- _Data section_:
=====

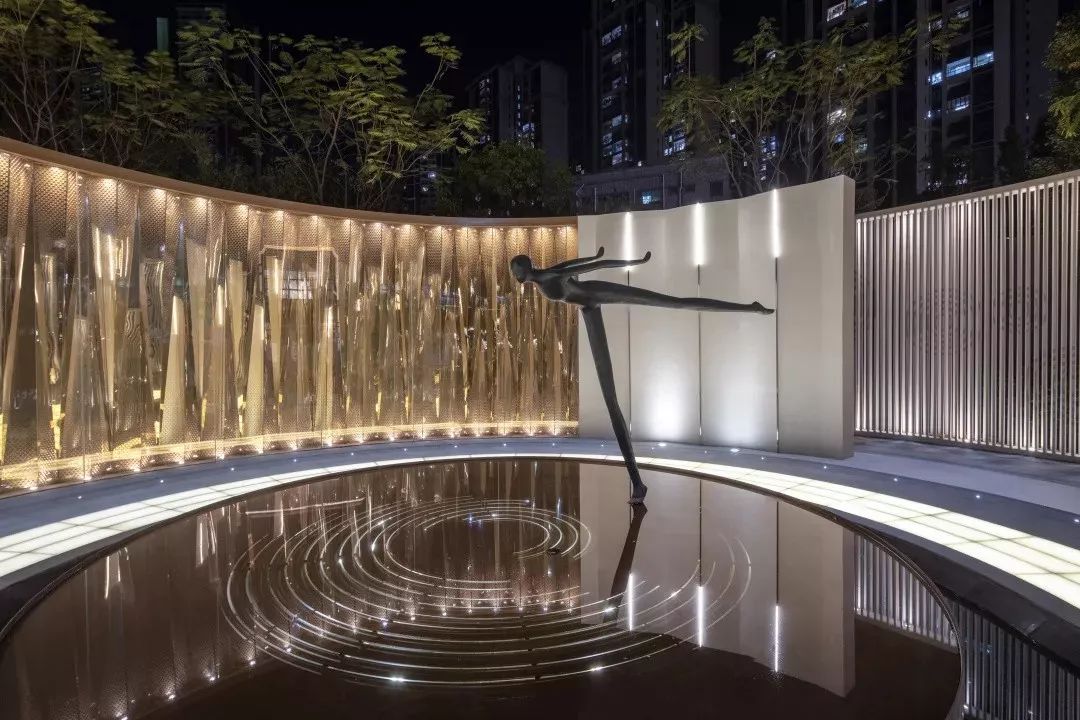 流线型设计的美感,流线景观造型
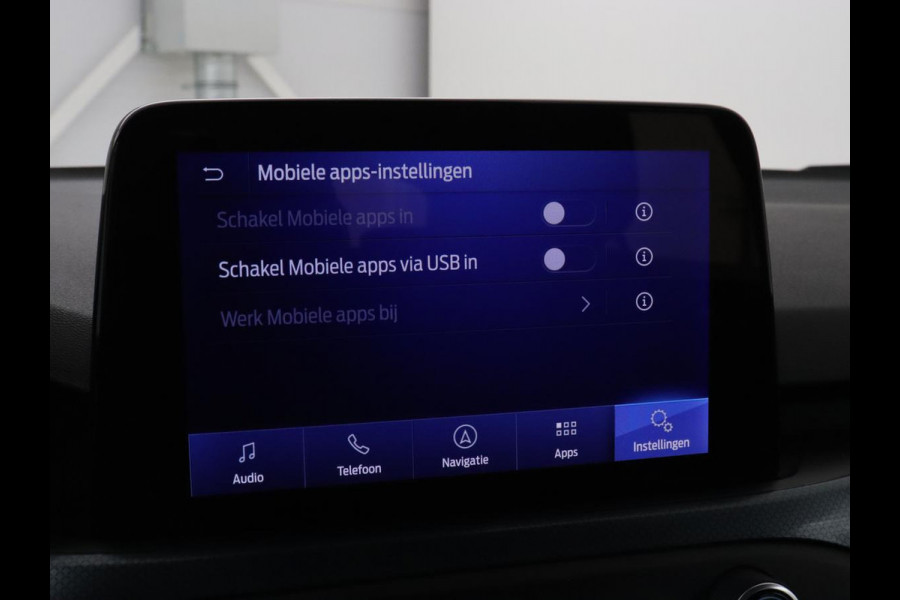 Ford Focus 1.0 EcoBoost Hybrid Active | Trekhaak | Camera | Carplay | Navigatie | Full LED | Keyless | DAB | Climate control | Parkeerhulp | Cruise control | Bluetooth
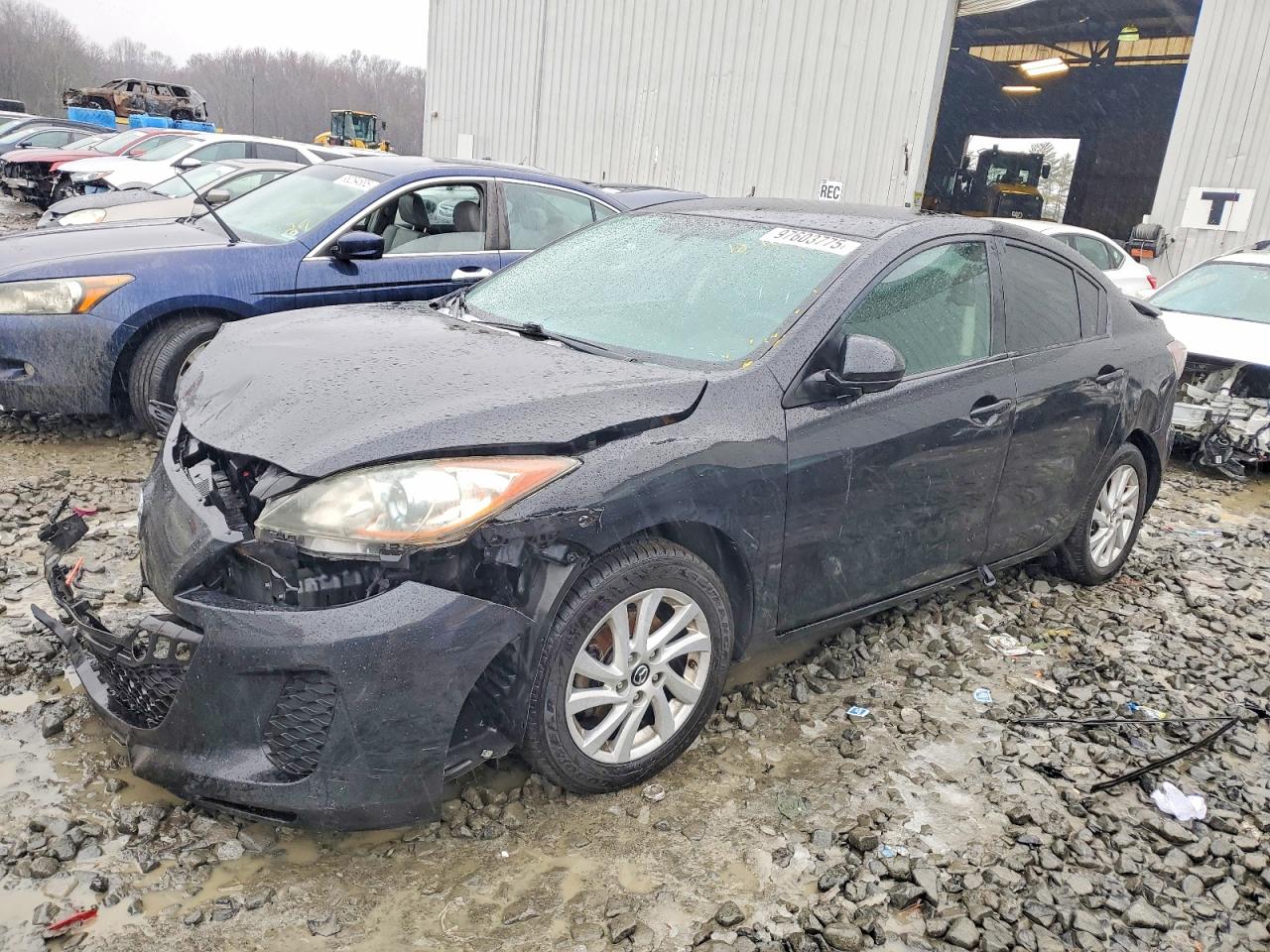 2013 MAZDA 3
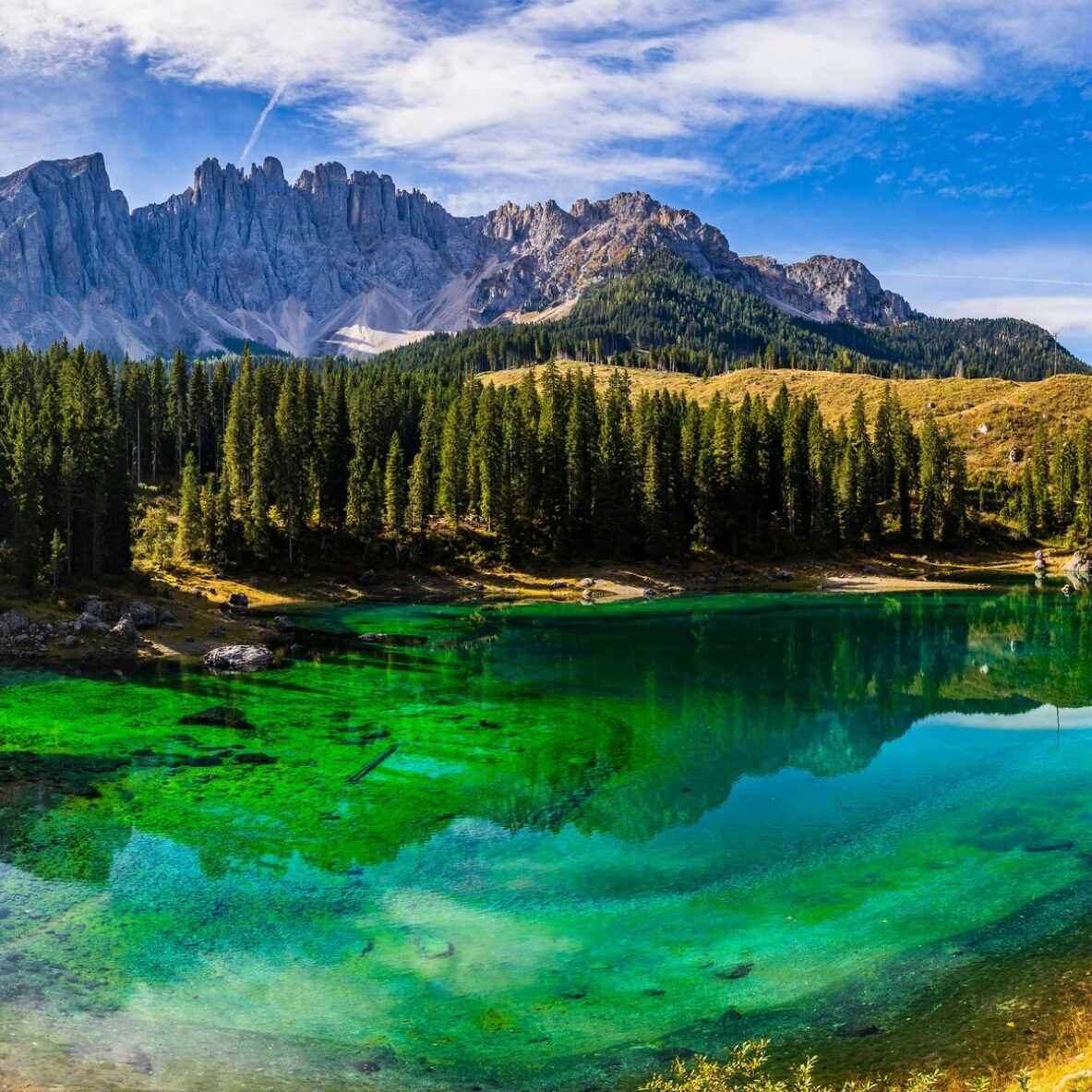 Landschaft_Rosengarten_Dolomiten_KarerSee_Lago-di-Carezza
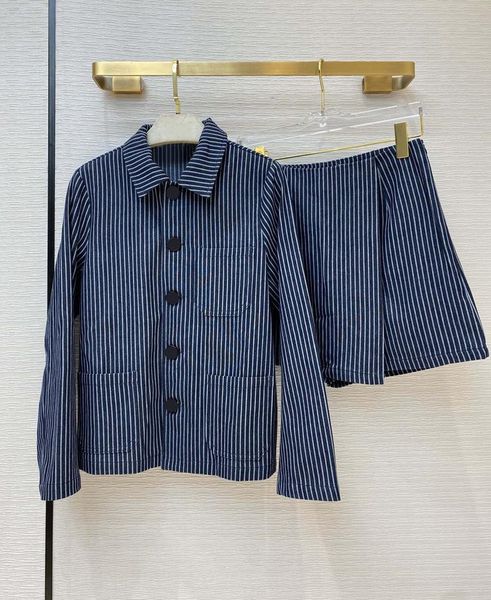 women's tracksuits women two pieces set 2021 early autumn fashion british striped denim jacket and a-line hakama suit high qual, Gray
women's tracksuits women two pieces set 2021 early autumn fashion british striped denim jacket and a-line hakama suit high qual, Gray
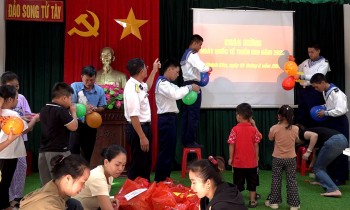truong sa ron rang chuan bi tet thieu nhi 15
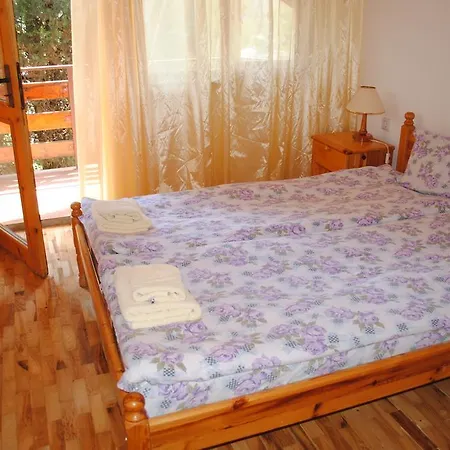 Villas Denitsa Άγιος Κωνσταντίνος και Ελένη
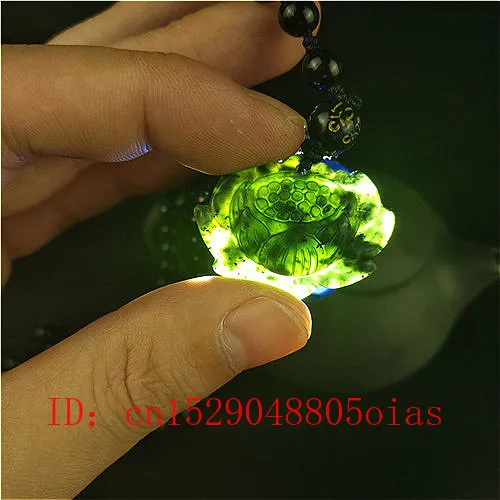 Ожерелье с кулоном из натурального китайского черного и зеленого нефрита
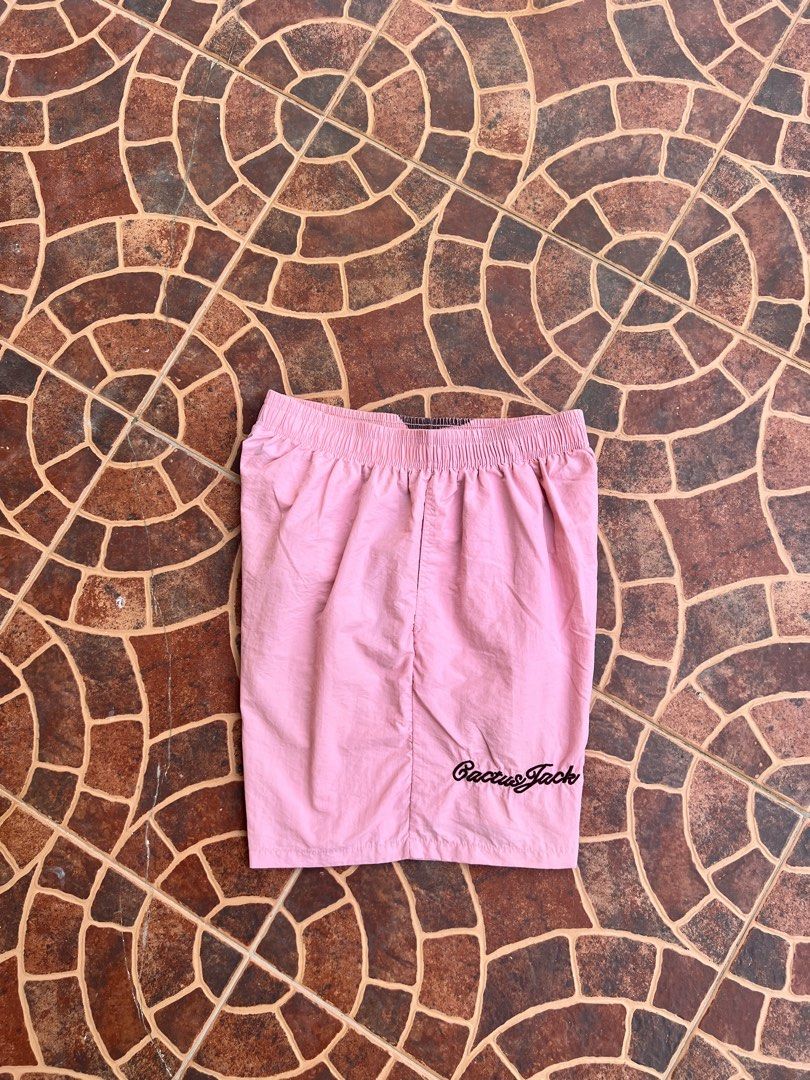 Cactus Jack (Category: Shorts) located in Batangas. Submitted by engr_thrift (Listing ID 1466962375, Image 3). Description: 📐Dimensions (inches) Waistline : 30-34 Length : 17 Leg hole : 13.5 Issue : none.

=====

- _What is required_: The required output is every line from the one containing "Ожерелье с кулоном" through the last line of the records, inclusive, reproduced exactly and without pictures.

- _Answer to this task_:
 Ожерелье с кулоном из натурального китайского черного и зеленого нефрита
 Cactus Jack (Category: Shorts) located in Batangas. Submitted by engr_thrift (Listing ID 1466962375, Image 3). Description: 📐Dimensions (inches) Waistline : 30-34 Length : 17 Leg hole : 13.5 Issue : none.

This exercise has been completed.